→ **REQUIRED ACTION**: Begin at the line containing "Black Newtake (N)" and retype each line through the end of the records exactly. Include nothing else and no pictures.

→ **THE INPUT**:
▼▼▼

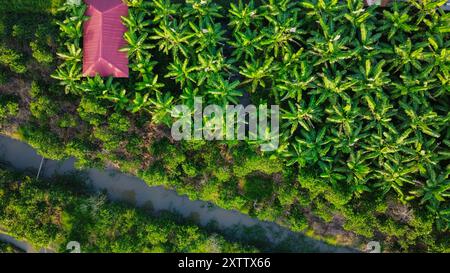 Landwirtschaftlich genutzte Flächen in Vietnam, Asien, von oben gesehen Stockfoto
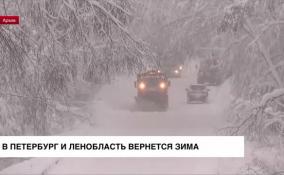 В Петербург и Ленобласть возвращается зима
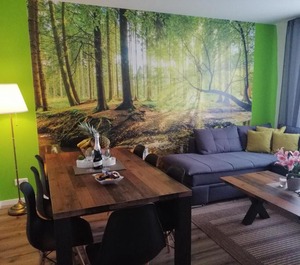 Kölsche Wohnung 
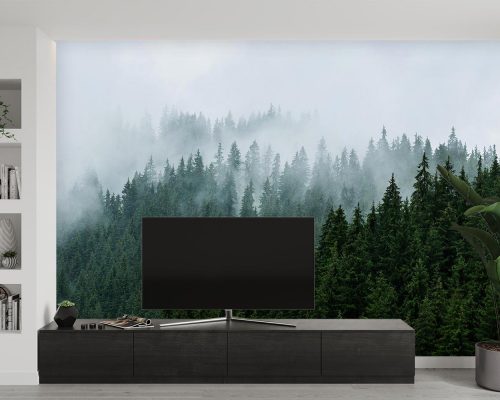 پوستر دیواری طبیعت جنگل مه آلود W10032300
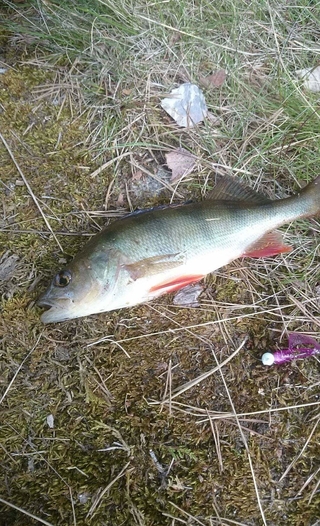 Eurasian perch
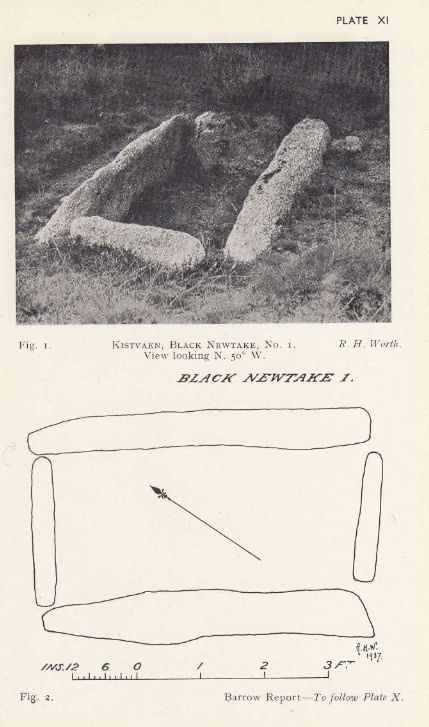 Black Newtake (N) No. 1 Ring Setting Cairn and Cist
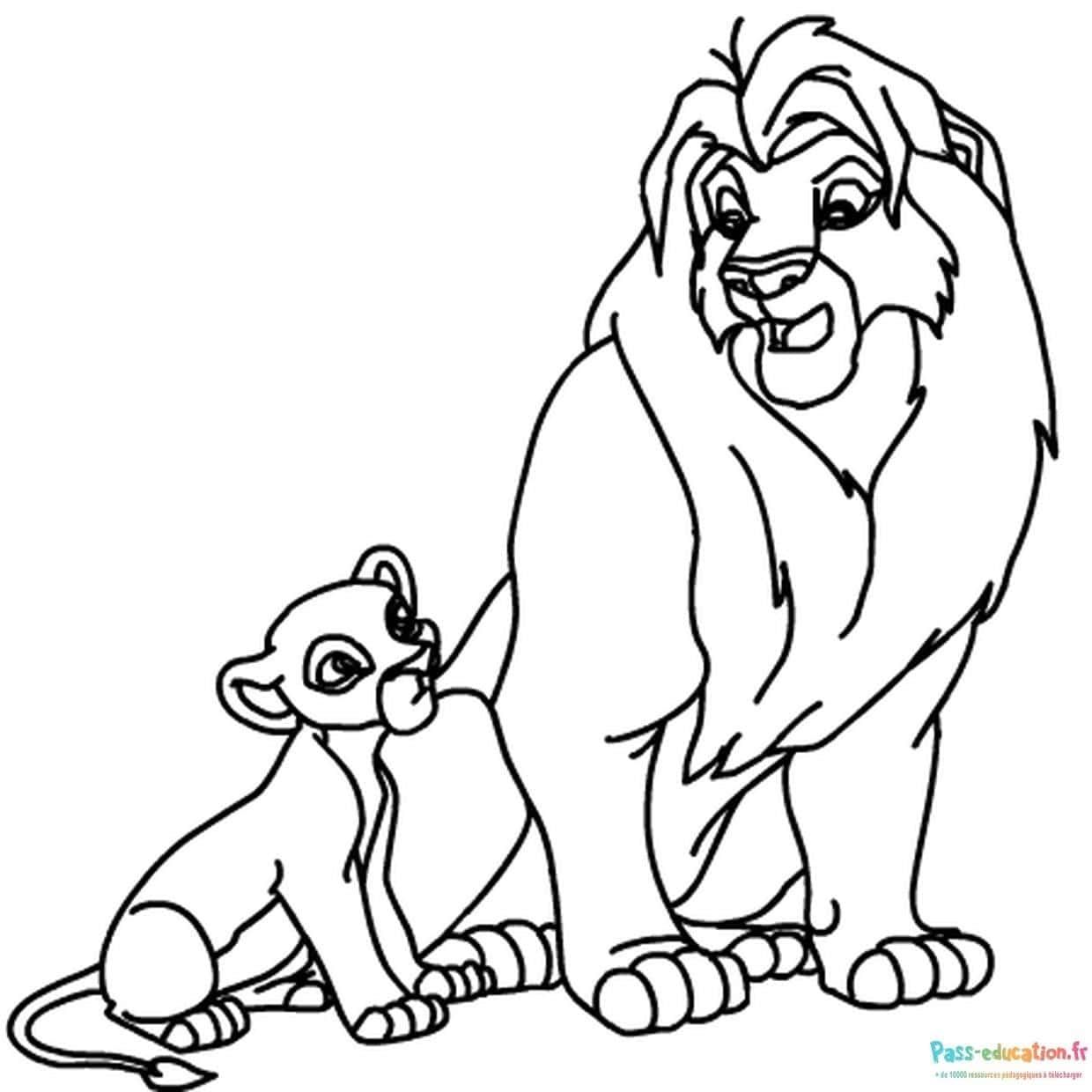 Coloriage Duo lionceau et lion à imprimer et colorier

▲▲▲

→ **RESULT BELOW**:
 Black Newtake (N) No. 1 Ring Setting Cairn and Cist
 Coloriage Duo lionceau et lion à imprimer et colorier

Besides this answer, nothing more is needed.